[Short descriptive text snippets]
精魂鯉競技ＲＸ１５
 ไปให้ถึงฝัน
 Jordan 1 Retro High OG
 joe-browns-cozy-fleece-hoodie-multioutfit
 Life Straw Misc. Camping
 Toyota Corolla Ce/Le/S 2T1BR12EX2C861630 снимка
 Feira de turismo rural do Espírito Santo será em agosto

* _ASSIGNED TASK_
Each line shown above needs to be transcribed exactly.

* _SOLUTION TO THIS PROBLEM_
精魂鯉競技ＲＸ１５
 ไปให้ถึงฝัน
 Jordan 1 Retro High OG
 joe-browns-cozy-fleece-hoodie-multioutfit
 Life Straw Misc. Camping
 Toyota Corolla Ce/Le/S 2T1BR12EX2C861630 снимка
 Feira de turismo rural do Espírito Santo será em agosto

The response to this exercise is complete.